A lot of studies on spin clusters have just addressed the most stable state, i.e., the lowest spin state, but had less interest in metastable states with higher spin. Note that the shape of atomic clusters strongly depends on the spin state of each atom. Figure 1 shows the case of Rb4 as an example. The four spin-polarized Rb atoms form a parallelogram cluster when S = 0, while a square cluster when S = 1. The different geometries of Cs n clusters with n = 2–8 have been calculated with Gaussian 98 (Srinivas et al. 2007). The density-functional study with the BPW91 functional (Becke 1988; Perdew and Wang 1992) indicates that the coupling in the highest spin state is impossible even in the dimer. It is not true because the dimer with S = 1 is experimentally observed (Fioretti et al. 1998). The error is due to the use of a less-accurate expression of the exchange-correlation potential. To improve simulations with respect to higher spin states, we use the UB3LYP functional involving a more accurate formula of the exchange-correlation potential (Lee et al. 1988).

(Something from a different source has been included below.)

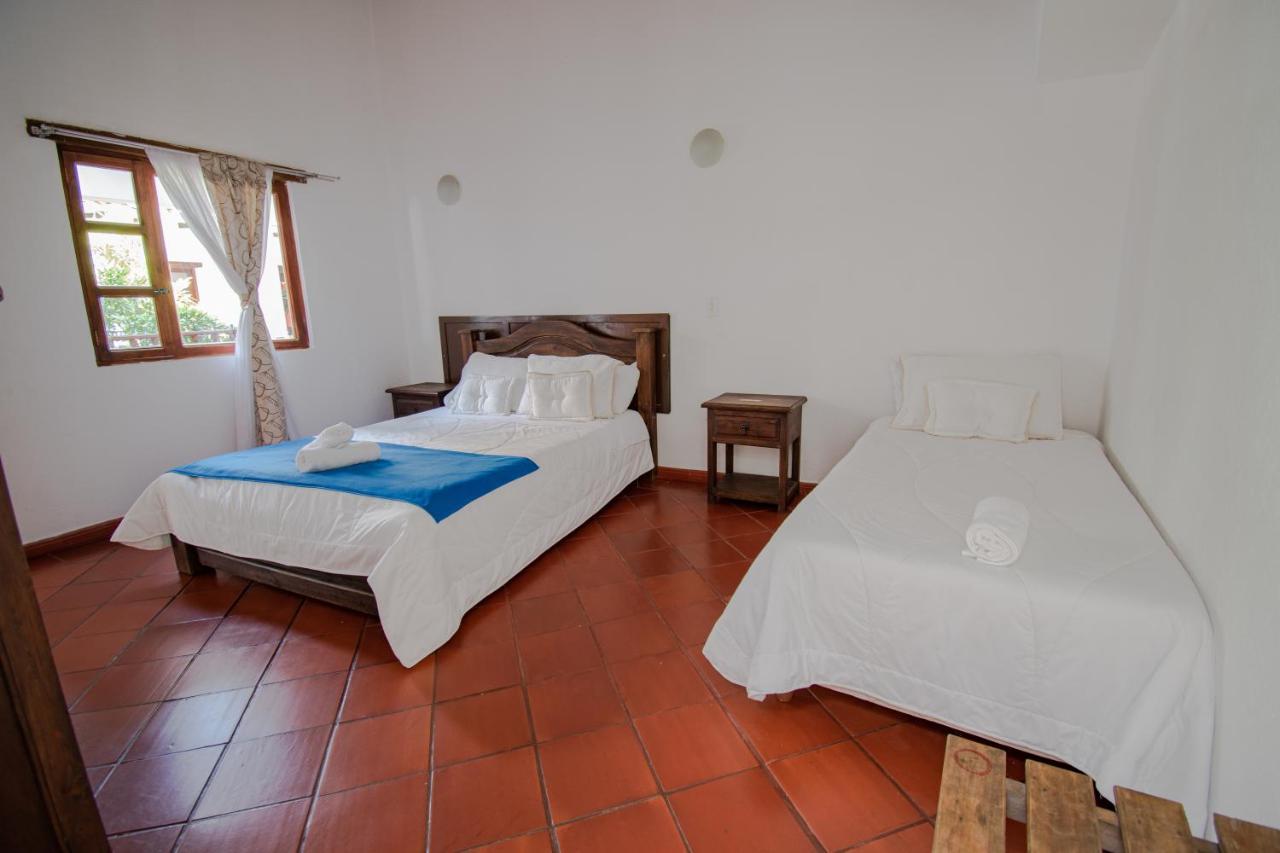 וילה דה לייבה Hotel Villa Luna מראה חיצוני תמונה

In this paper, the characteristics of alkali-metal-atom spin clusters are systematically examined for all stable isotopes of Li, Na, K, Rb, and Cs using Gaussian 03 (Frisch et al. 2003) associated with its graphical user interface GaussView 03.
Self-organization of four Rb atoms under spin polarization. Each Rb atom has either up-spin or down-spin. The motif of the cluster is parallelogram in the singlet (S = 0) state, while square in the triplet (S = 1) state, where S is the total spin of the system. The blue cloud drawn on the right-hand side represents the density distribution of the peripheral electrons. (Color figure online)
Computational approach
Spin-exchange and correlation interactions are considered on the basis of the typical density-functional theory. Under the local density approximation and the generalized gradient approximation, the exchange and correlation energies are expressed as a functional of both the density function and its gradient at a point in space (Parr et al. 1989). The UB3LYP hybrid functional, which consists of three exchange terms coupled by Becke’s three parameters and the Lee-Yang-Parr correlation term (Lee et al. 1988; Mielich et al. 1989; Becke 1993) is employed for conducting harmonic vibrational calculations and determining an optimal motif of each cluster. For Li n , Na n , and K n , all-electron calculations are performed using the 6-311+G(3df) basis set with the largest triply split-valence with polarization functions. On the other hand, for Rb n and Cs n composed of heavier atoms, the peripheral-electron calculations are performed using the LANL2DZ basis set, where the contribution of inner electrons is approximated by double-\(\zeta\)-type effective core potentials (Handy et al. 1984; Wadt and Hay 1985; Nicklass et al. 1995).
In the following calculations, we consider from dimers to octamers that consist of the most abundant atomic species among stable isotopes, i.e., 7Li n , 23Na n , 39K n , 85Rb n , and 133Cs n with n = 2–8. We also examined 6Li n , 40K n , 41K n , and 87Rb n . As a result, the motif, the binding energy, and the bond length, they are discussed below, were almost the same among the clusters composed of a different isotope of the same atomic species. So, we simply denote 7Li n , 23Na n , 39K n , 85Rb n , and 133Cs n just as Li n , Na n , K n , Rb n , and Cs n , and will describe about these essential clusters hereafter.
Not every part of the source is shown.